We had a back up activity of making picture frames, so we got everyone settled and it was good to have Big BJ back as he calms everything down and he is very creative, so everyone follows his led.  Except....Dinesh!!!

Yes, that' right folks, he had been ok at the park.  Lottie and Anna had been double teaming him, but when we got back and were doing the picture frames he got bored and started playing with a kite.  We must all have got distracted for one minute and looked round and he'd gone!!!  We went to see if we could see him but he must have done the run in Olympic record time.  When we left to come home 20 minutes later, we saw him on the main road heading down to the tourist section and tried to make him go back to Ama, but he wasn't having any of it, so we left him to do whatever he decides to do.  We updated Chrissy later and agreed that it is up to him now, and actually we don't think he will come back permanently.  Sooner or later Ama will tell him it's either 'go or stay' and at that point, he'll more than likely go.

Other than that, the rain has stopped, the sun is out, I've been souvenir shopping, I've semi packed my bag and me and Sinead are going to play pool before taking the boys for pizza this afternoon.
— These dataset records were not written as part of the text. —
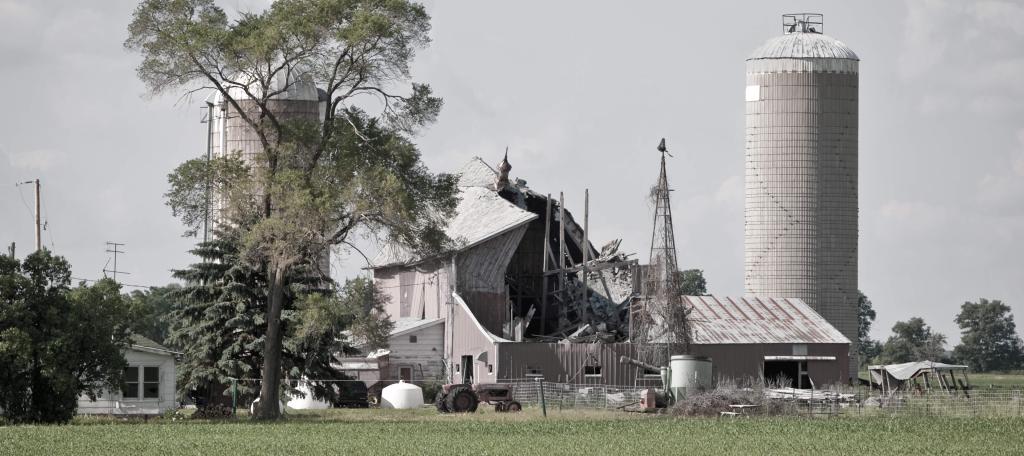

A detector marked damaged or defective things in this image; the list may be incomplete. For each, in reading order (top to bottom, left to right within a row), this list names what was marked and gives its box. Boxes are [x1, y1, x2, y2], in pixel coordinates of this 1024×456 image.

rusted metal roof [749, 31, 860, 60]
rusted metal roof [679, 297, 847, 342]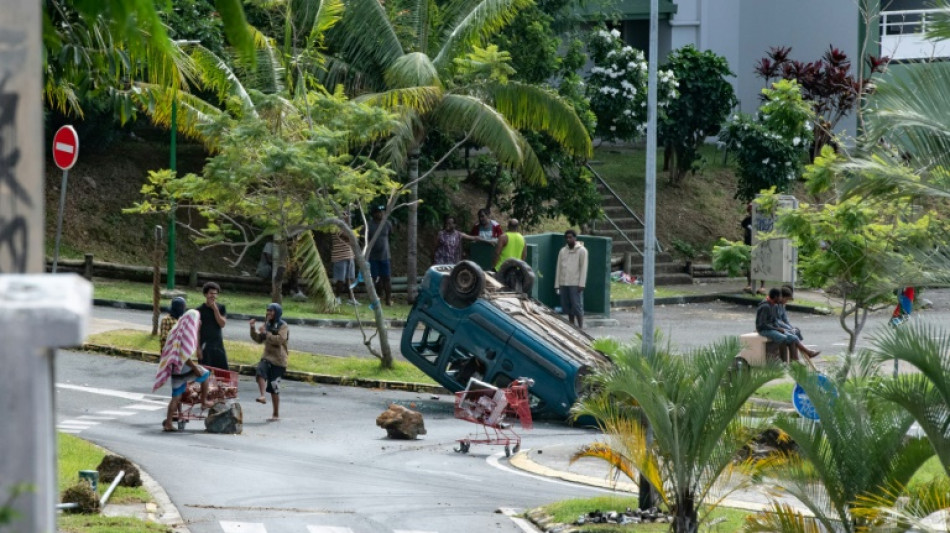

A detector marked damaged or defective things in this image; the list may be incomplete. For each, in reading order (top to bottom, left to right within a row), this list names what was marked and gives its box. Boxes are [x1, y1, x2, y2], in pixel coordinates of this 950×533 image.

overturned blue vehicle [400, 260, 608, 418]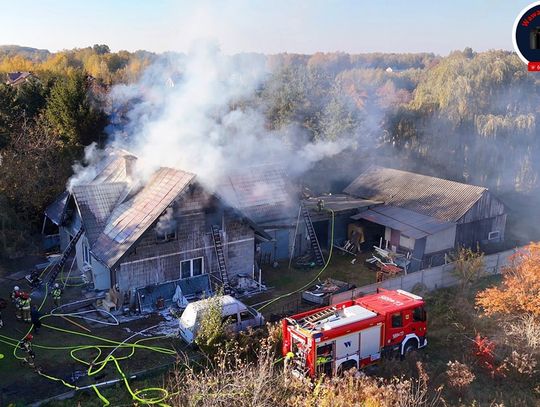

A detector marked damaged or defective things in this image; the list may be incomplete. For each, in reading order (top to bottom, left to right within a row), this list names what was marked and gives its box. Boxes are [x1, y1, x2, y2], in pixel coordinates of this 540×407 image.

The bus leaves for Kathmandu at 7am tomorrow and that will be my volunteer experience over.  I've had an absolute blast, made a very special friend in Sinead which I will treasure and met some wonderful people that I hope I will continue to support and be involved with for many years to come.

I hope you've enjoyed my little updates and if you ever get the chance, visit Nepal, it's a very special place.

Elinor xxx

If you would like to have a similar experience to Elinor and join the PoD Nepal team, please email Gemma on for further information.

Big thanks to Elinor for letting us share her updates.  

Monday, November 4, 2013

Scary faces, dressing up dogs, festival of lights and Bahini cookies!

As per usual it's been an eventful few weeks. It's still the holidays here, well at least for the Government schools. Most private schools went back for at least a week during Dashain and Tihar festivals, but for our schools, they are still on break. So that means we've been spending most of our time with the Street Kids and Asha Foundation.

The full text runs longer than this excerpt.